While several F&B concepts in Dubai are requested customers to pay 50-100% deposits for their meals upon reservation, dubbing it a ‘booking fee’, El Zein said he opposes the practice, debiting certain amounts only in cases of no shows.

“Of course [we do] not take a 50% [deposit], unless it’s event-based or we have a very big star performing. You should charge the booking fee and not a minimum spend in case of a no show, but that’s only in the case of a no show. You don’t take anything as a deposit. You take the card details and authorisation to debit in case of a no show,” he said.

The CEO added that only market leaders and top tier venues could get away with the practice of minimum spends and booking fees.

“Today, only the leaders can do such a thing in such a market. It’s a thin line… if you’re not a leader, you can’t do this. This will turn off the customer. If you’re a leader today, you need to do this, because many people are just basically fishing around for a deal,” he said.

Too high

Similarly, Tony Habre, founder and chief executive of Dubai F&B management and concept creation firm Addmind, said high booking fees do not represent the initial concept of hospitality.

Addmind boasts several venues across the UAE and Lebanon, including casual Italian restaurant Matto Dubai, rooftop lounge Iris and social restaurant and bar Indie.

“A 100% upfront deposit for a dinner reservation is too high, and we don’t implement this practice at Addmind. I agree with implementing a booking fee on busy days/nights, but I don’t think this fee should exceed 30-40% of an average, expected check as this doesn’t fall under the hospitality concept,” he said.

Habre told Arabian Business in 2017 that customers should not “need to eat with AED1,000 to have good food”.

“All over the world, the best places are not that expensive anymore. We’re going to hit the market where any person can spend AED300 but have the service and the quality of an outlet where you usually pay AED700,” he said at the time.

He added that expensive dining is an issue Dubai needs to solve, explaining that in major cities such as New York or London, few people spend over $200 per person on eating out.

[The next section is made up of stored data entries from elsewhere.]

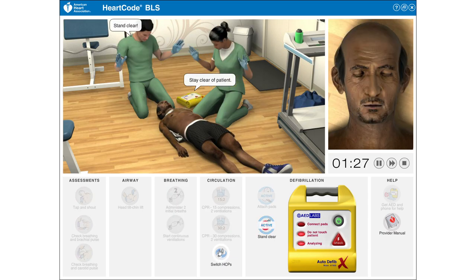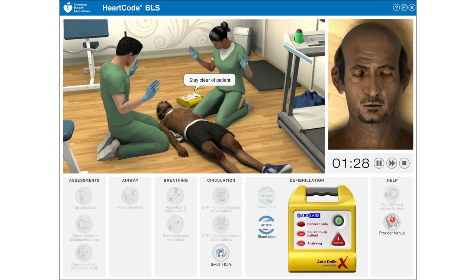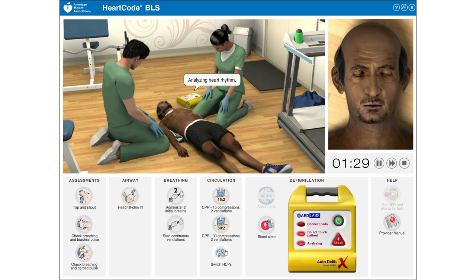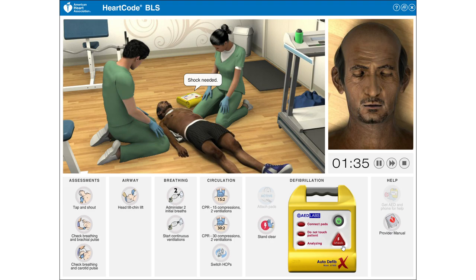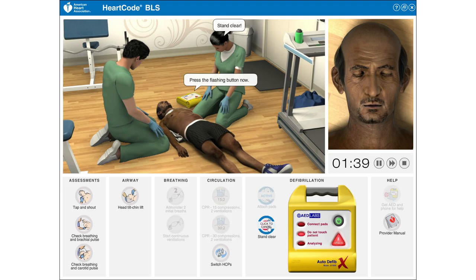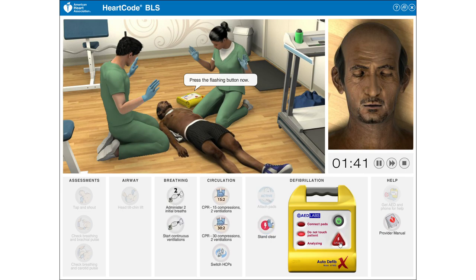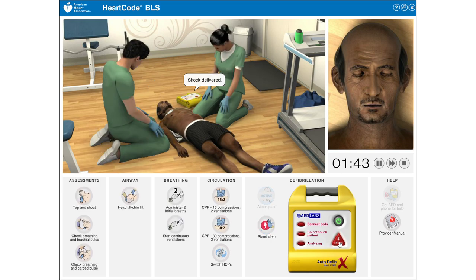Stand clear. Stay clear of patient. Analyzing heart rhythm. Shock needed. Charging. Stand clear. Press the flashing button now. Shock delivered.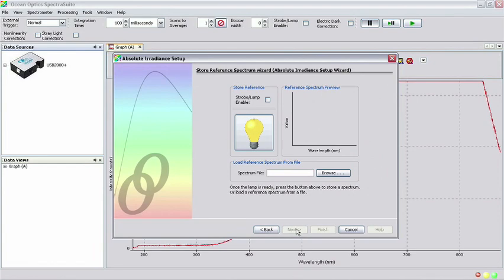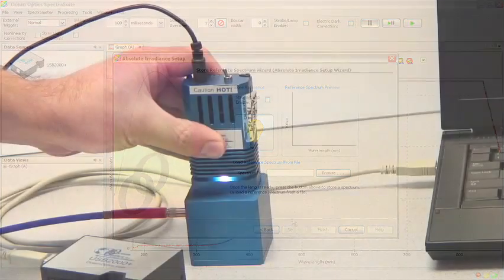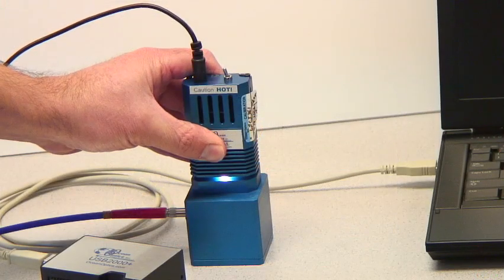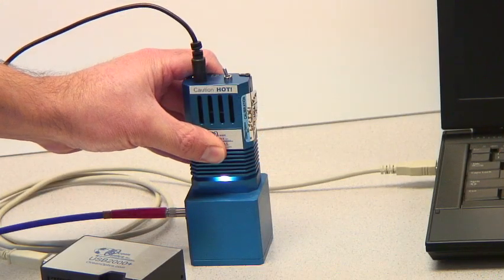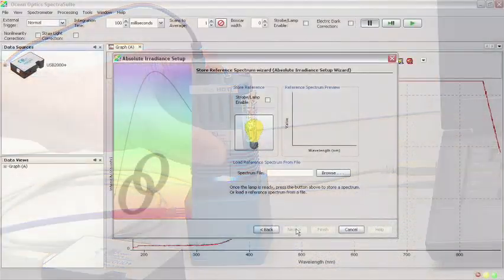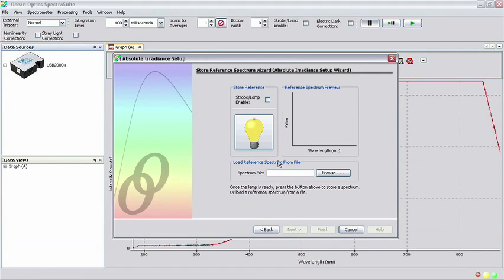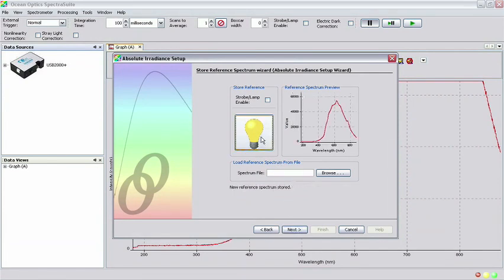Again, make sure that the light source is properly inserted in the integrating sphere. Click the yellow light bulb button to store the reference spectrum and click Next.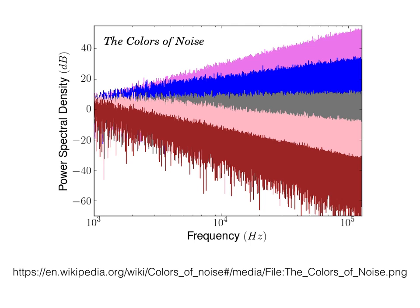A noise generator is a sound module that creates a noise signal. The most common types of noise used are white, pink, and brown.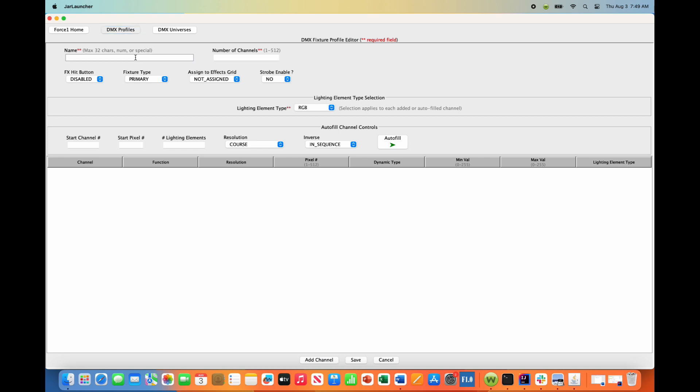And just like before, we want to save off a fixture name here. So we're going to call this UB12H and I like to include the total number of channels so we know what personality this is associated with, in this case, 36. This is a 36 channel DMX personality, so 36 there.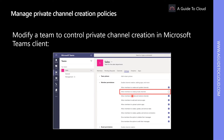This can be handy when team owners want to retain full control of their team activity, which includes restricting members from creating private channels. To restrict team members from creating private channels, a team owner must open the team from one of the Microsoft Teams clients and manage the team.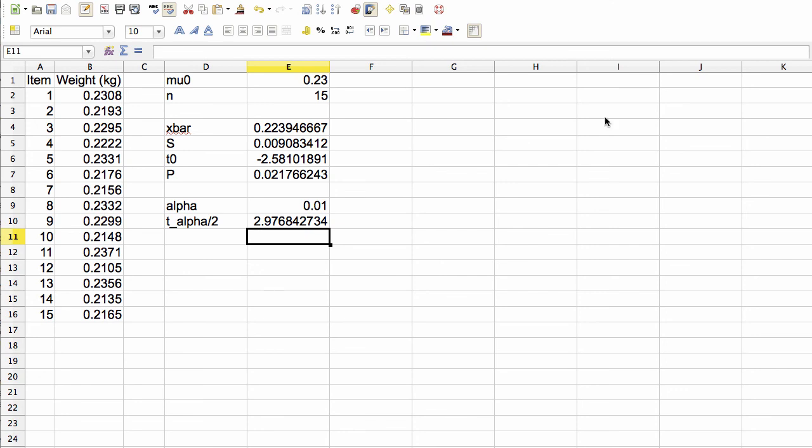So in this video, we've illustrated a couple things. We've illustrated how to compute t0, which again is a function of the sample mean and the sample standard deviation. We've illustrated how to compute a p-value for this t0, and use that to determine whether or not to reject the null hypothesis at a given significance level. We've shown how to compute the value of t alpha over 2 that you would use to determine whether or not to reject or accept H0 for a given alpha.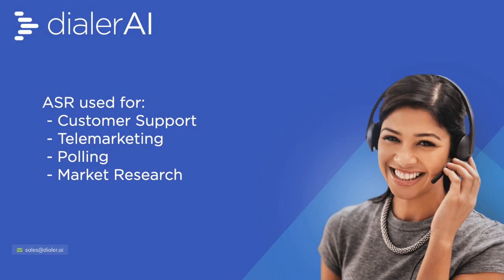ASR is a valuable addition to the dialer, extending the possibilities for customer support, telemarketing, polling and customer research.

Moreover, top Dubai lawyer Essam Al Tamimi said it is ultimately the consumer’s choice to partake in minimum spends or booking fees.

“The civil code offers consumers the freedom to contract. Subject to certain provisions, as long as Party A makes an offer and Party B validly accepts the offer, a contract is formed. Therefore, a minimum charge is part of the contract that the parties either agree to enter into or not. The same applies to bookings where customers are informed in advance of the policy and the applicable fee,” he said.

According to the annual 'Mapping the world's prices' report by Deutsche Bank, Dubai ranked the world’s 7th highest for dinner costs for two at $53.90, with the most expensive being Zurich at $72.30 and the cheapest being Manila at $14.90. The report highlights the cost of living in around 50 major cities.

Smart restaurants

Jumeirah Group’s CEO Jose Silva also predicted restaurants in Dubai will adapt ‘smart’ and more affordable pricing due to changing consumer behaviour, adding that customers will ultimately decide on restaurant prices.

“I do think restaurants will become more and more affordable. Great restaurants will succeed if they [retain] smart pricing or more affordable pricing. In my past, I have systematically lowered [rates] of overpriced restaurants. Eventually, the consumer will decide if that price is comfortable or not,” he said.

Silva added that guests with high spending power will also avoid paying for highly-priced restaurants if they lack value for money.

“If [consumers] are not comfortable [with prices], even if they could actually pay, they will choose to be frequent where they feels there is a shared value for money through regular consumption,” he said.